# Great American Road Trip



## 5th Time Around (Jul 8, 2008)

Just flipping chanels and saw this show an Rv style game show. Maybe we can take notes for the next rally.


----------



## folsom_five (Jan 10, 2008)

5th Time Around said:


> Just flipping chanels and saw this show an Rv style game show. Maybe we can take notes for the next rally.


Haven't watched it yet, but they were filming a portion of it while we were visiting Slide Rock in Arizona. I think there were only 4 families left at that time. If they air that portion during the show then there will be a good chance that I will be in the background somewhere. 
I plan on watching as soon as we get back from OUR "Great American Road Trip".


----------



## Ghosty (Jan 17, 2005)

I saw it last week and it was pretty lame ... it also got really really low Nielsen ratings so it may not even make the entire pre-season ... bascially its an "Amazing Race" without any of the excitement -- just a whole bunch of families in different RVs driving from one location to another...


----------



## rock hill (Apr 17, 2009)

I turned it on to see what it is about, but I had to bail. It is unwatchable.


----------



## mswalt (Sep 14, 2004)

Yeah, I saw about 5 minutes of it, then switched channels.

Mark


----------



## Sayonara (Jul 23, 2007)

Havnt seen it. but by the sounds of things i guess i wont be looking for it.


----------



## 2dayinc (Jul 2, 2008)

I've seen it and the Pollard family from Alabama isn't representing us here in Bama very well.
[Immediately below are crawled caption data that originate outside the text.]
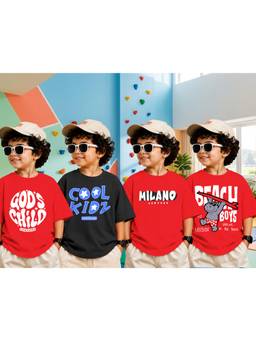 LEOTUDE - Boys Red-Black Graphic Printed Cotton T-shirts (Pack of 4)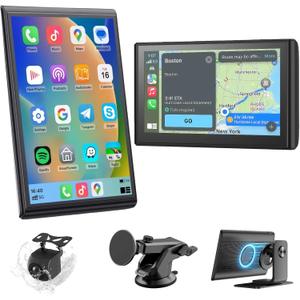 Portable CarPlay Screen for Car Wireless Car Play & Android Auto Touch Screen,7" HD,Landscape&Portrait,1080P Backup Camera GPS Navigation Music Voice Control Bluetooth AUX FM for All Vehicles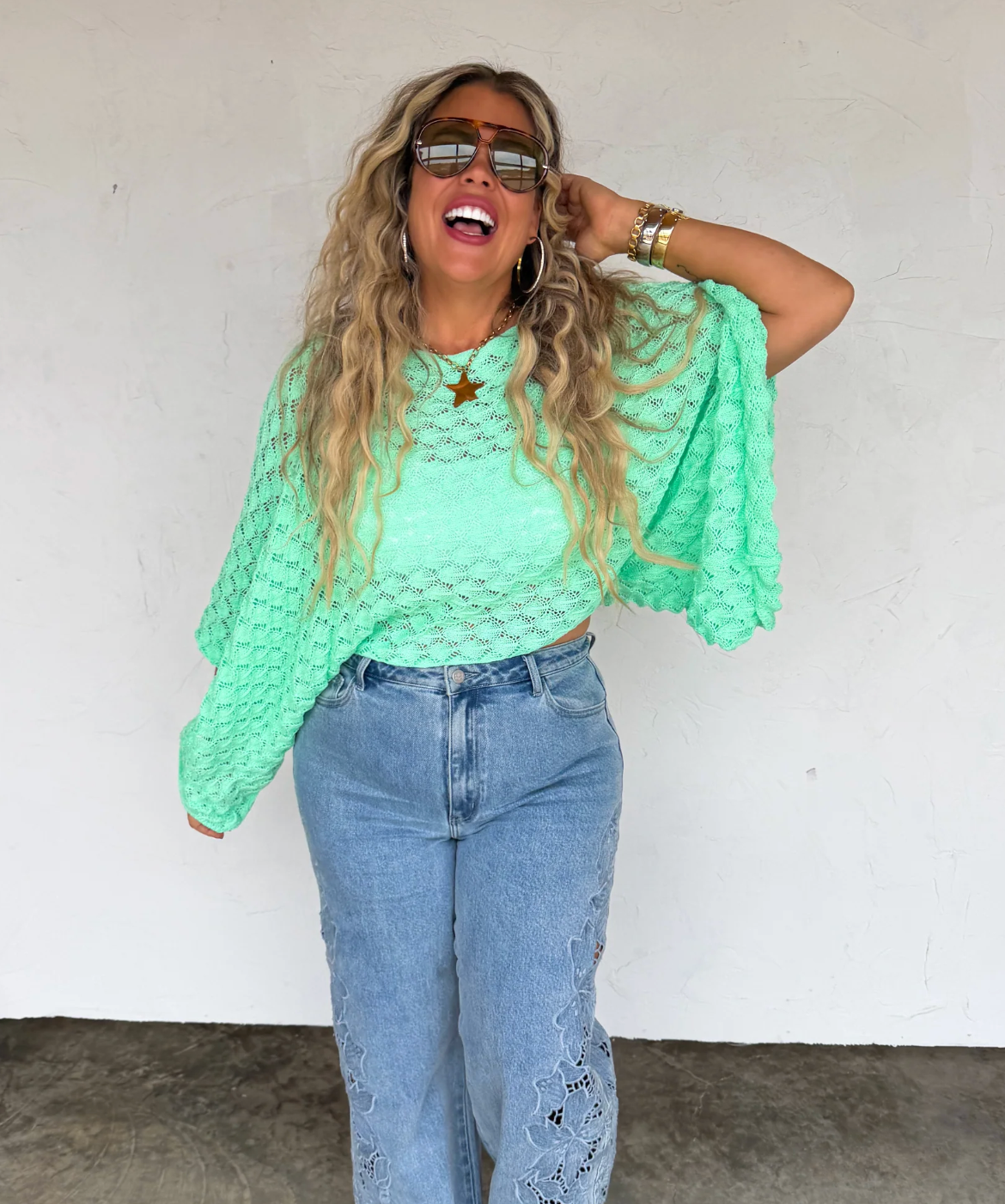FREE SPIRIT BELL SLEEVE TOP in MINT
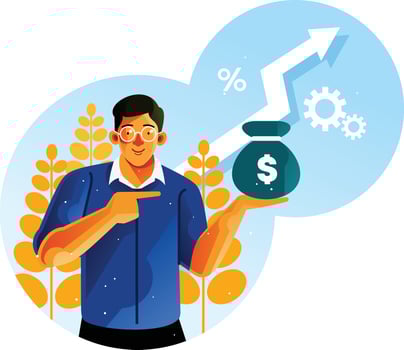 Successful entrepreneurs increase profits vector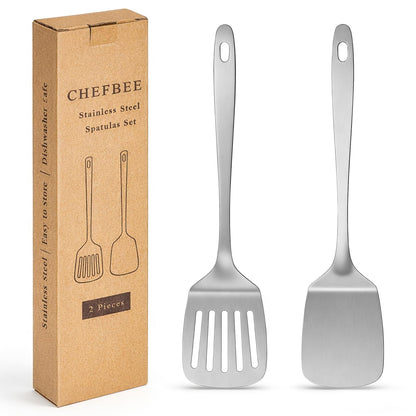 ChefBee 2PCS Metal Spatula Set - Stainless Steel Spatula Solid & Slotted Turner Flipper for Kitchen Use, Heat Resistant Kitchen Cooking Utensils for Flipping Fish, Eggs, Pancakes, Dishwasher Safe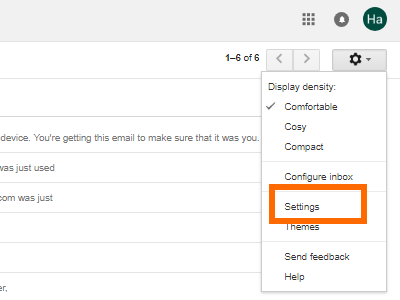 Gmail Settings Button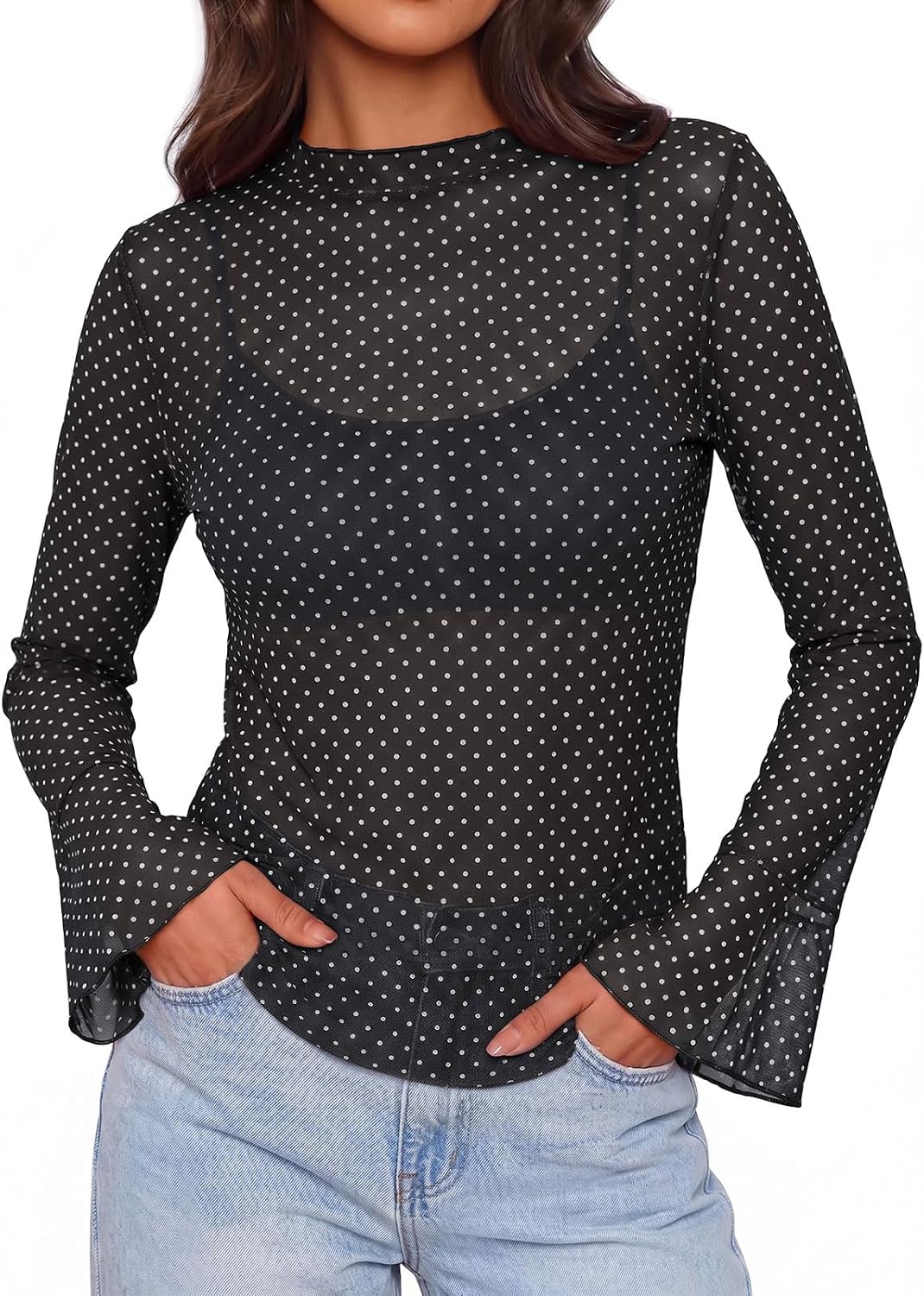Mesh Polka Dot T-Shirt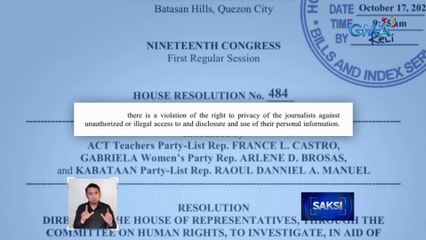 Pagbisita ng pulis sa ilang taga-media sa kanilang mga bahay, pinaiimbestigahan ng Makabayan bloc | Saksi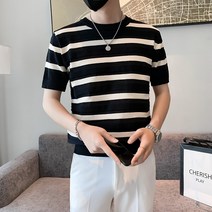 엘에프제트 남성 스트라이프 라운드 반팔 니트티셔츠 B235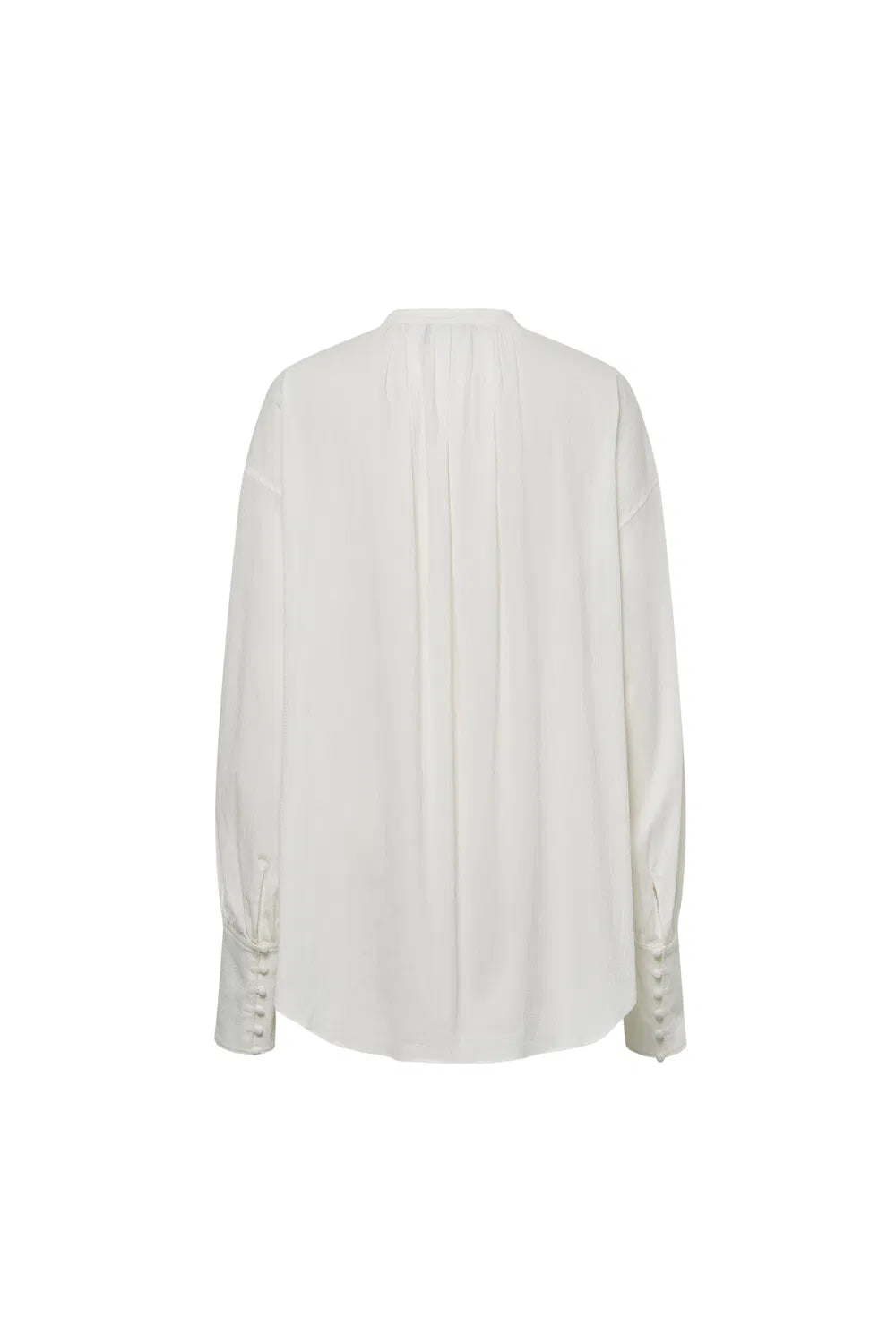 Lila Stand Collar Blouse in Tencel-Cotton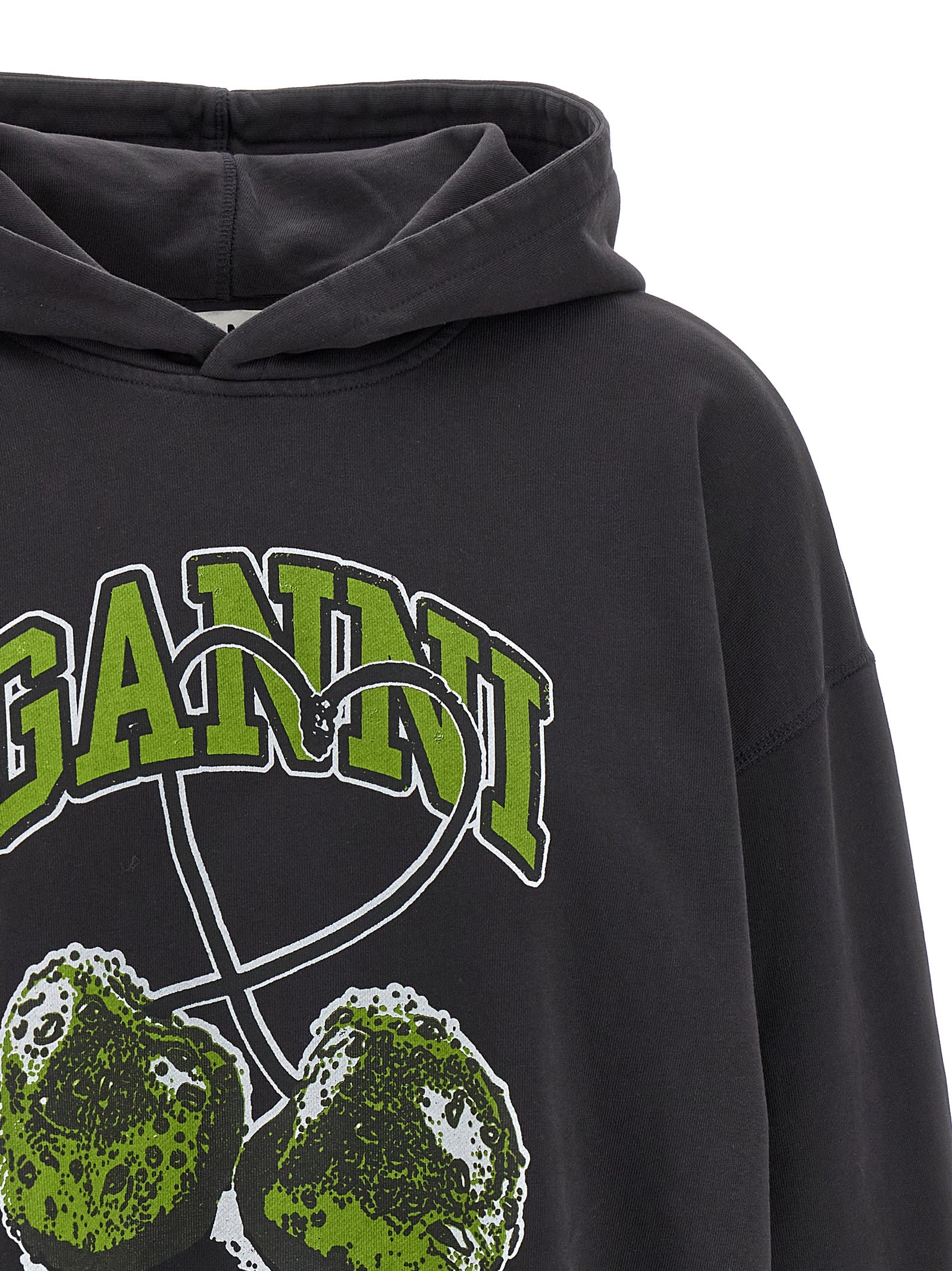Ganni Grauer Bio-Baumwoll-Hoodie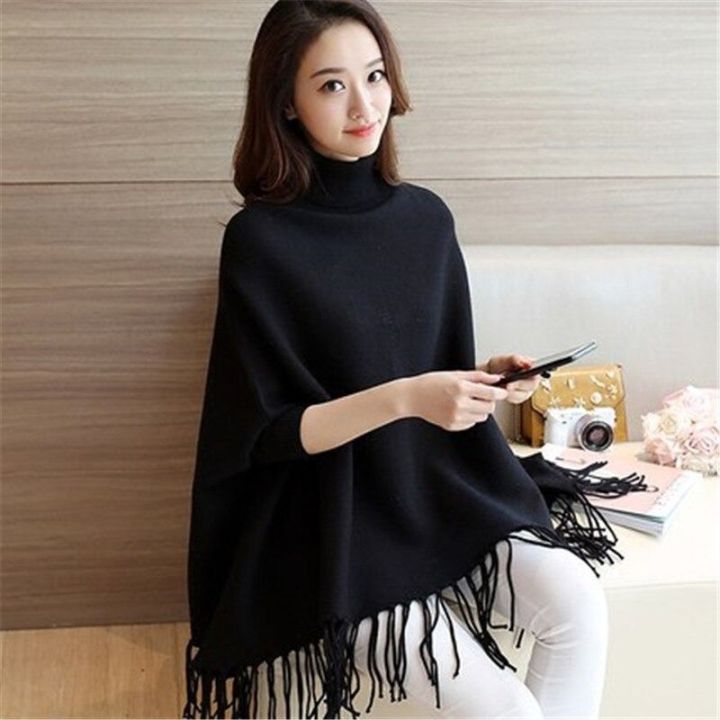 Women Poncho Coat Solid Elegant Pullover Female Jumper Irregular Tassel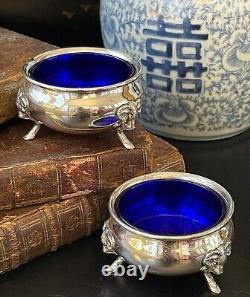 Marvelous Rare Sterling Silver Ram Cobalt Open Salt Pair American c1935 2.75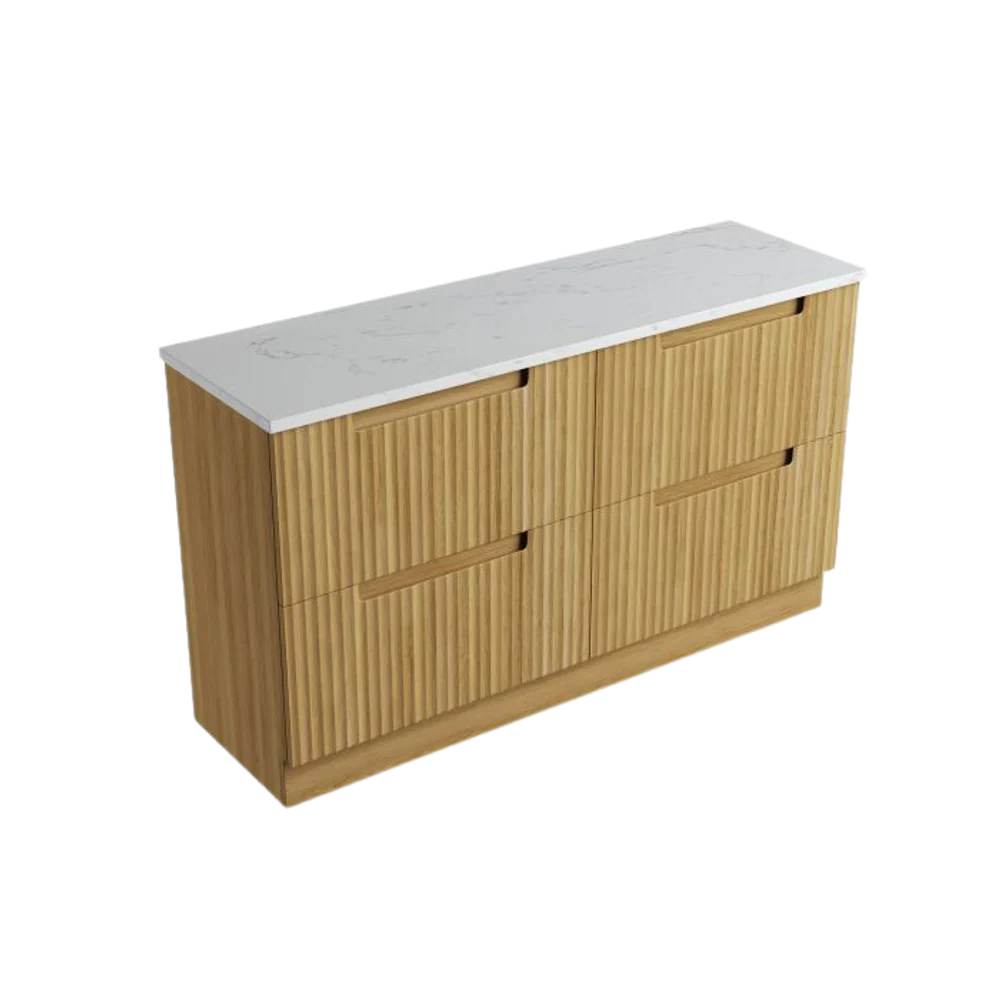 Aulic Lovina Floor Standing 1500mm Harvest Oak Fluted Vanity - Image 10
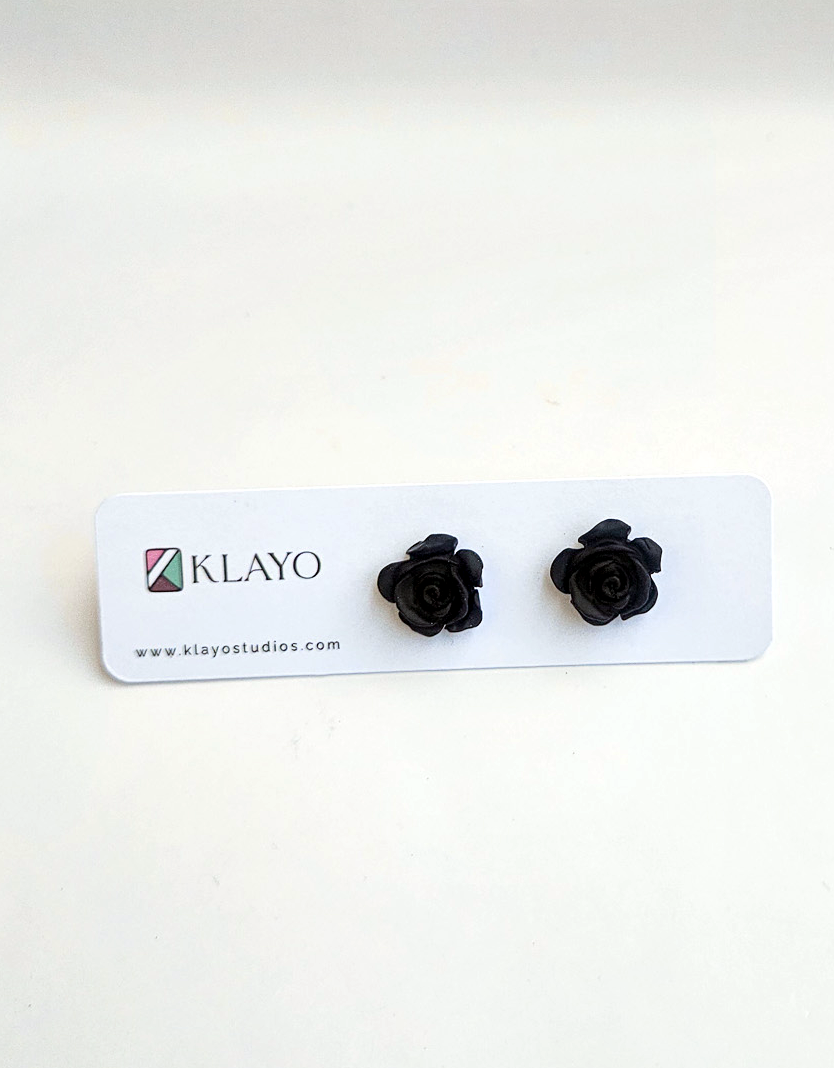 Midnight Rose Stud Earrings
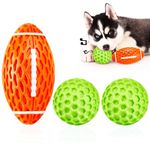 AUSCAT 3PCS Squeaky Rubber Dog Toy Balls, Indestructible Dog Toy for Aggressive Chewers, Fetch Interactive Dog Ball for Small Medium Dogs, 4.1" Orange Rugby and 2.1" Green Footballs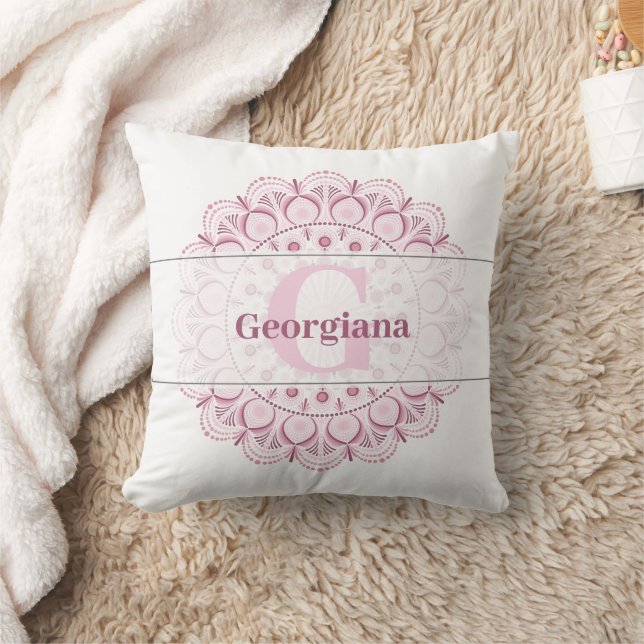 Personalised Dusky Rose Confetti Lace Dot Mandala Cushion (Blanket)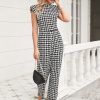 Women's Houndstooth Mock Neck Cap Sleeve Wide Leg Jumpsuit Pants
Don't know if I can stand to watch it all the way through.


----------



## wolfwood (Sep 19, 2005)

Thanks for the Reviews, guys! Saved us the *apparent* pain of watching it ourselves...


----------



## 5th Time Around (Jul 8, 2008)

Unfortunately, I think the RV industry put some money into that show, it is a shame that it is so poorly done. I always watch reality tv to think of new games for scouts to play, like when the Survivor show was on and the Fear Factor. We had 4 camps around those themes. Maybe this show should have had families that had RV'd before.


----------